On the design space between molecular mechanics and machine learning force fields
Yuanqing Wang, Kenichiro Takaba, Michael S. Chen, Marcus Wieder, Yuzhi Xu, Tong Zhu, John Z. H. Zhang, Arnav Nagle, Kuang Yu, Xinyan Wang, Daniel J. Cole, Joshua A. Rackers, Kyunghyun Cho, Joe G. Greener, Peter Eastman, Stefano Martiniani, Mark E. Tuckerman
TL;DR
This paper maps the design space between traditional molecular mechanics and modern machine-learning force fields, arguing that current ML force fields, while accurate, remain prohibitively slow for large biomolecular systems. It synthesizes the core desiderata—especially invariance, linear scaling, energy conservation, differentiability, universality, and stability—and reviews the MM and MLFF building blocks, including energy decompositions, graph-based representations, and geometry-aware architectures. The authors propose a pathway to the next generation of force fields: fast, universally expressive models with physically informed biases, enabled by differentiable simulation, graph perception, and scalable data ecosystems; hybrid MM/ML approaches and foundation-model-inspired strategies are highlighted as plausible routes. They emphasize practical considerations such as datasets, training practices, and the integration of ML plugins into MM platforms, concluding that achieving a fast yet QM-accurate force field would have substantial practical impact for biomolecular modeling and drug discovery.
Abstract
A force field as accurate as quantum mechanics (QM) and as fast as molecular mechanics (MM), with which one can simulate a biomolecular system efficiently enough and meaningfully enough to get quantitative insights, is among the most ardent dreams of biophysicists -- a dream, nevertheless, not to be fulfilled any time soon. Machine learning force fields (MLFFs) represent a meaningful endeavor towards this direction, where differentiable neural functions are parametrized to fit ab initio energies, and furthermore forces through automatic differentiation.
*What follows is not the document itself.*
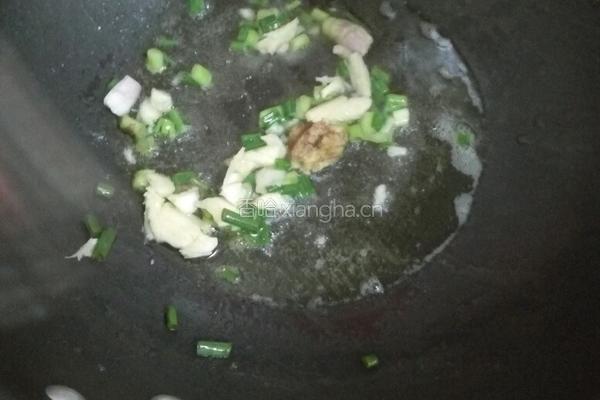 蒜蓉豉汁焖钳鱼的做法图解3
We argue that, as of now, the utility of the MLFF models is no longer bottlenecked by accuracy but primarily by their speed (as well as stability and generalizability), as many recent variants, on limited chemical spaces, have long surpassed the chemical accuracy of $1$ kcal/mol -- the empirical threshold beyond which realistic chemical predictions are possible -- though still magnitudes slower than MM. Hoping to kindle explorations and designs of faster, albeit perhaps slightly less accurate MLFFs, in this review, we focus our attention on the design space (the speed-accuracy tradeoff) between MM and ML force fields. After a brief review of the building blocks of force fields of either kind, we discuss the desired properties and challenges now faced by the force field development community, survey the efforts to make MM force fields more accurate and ML force fields faster, envision what the next generation of MLFF might look like.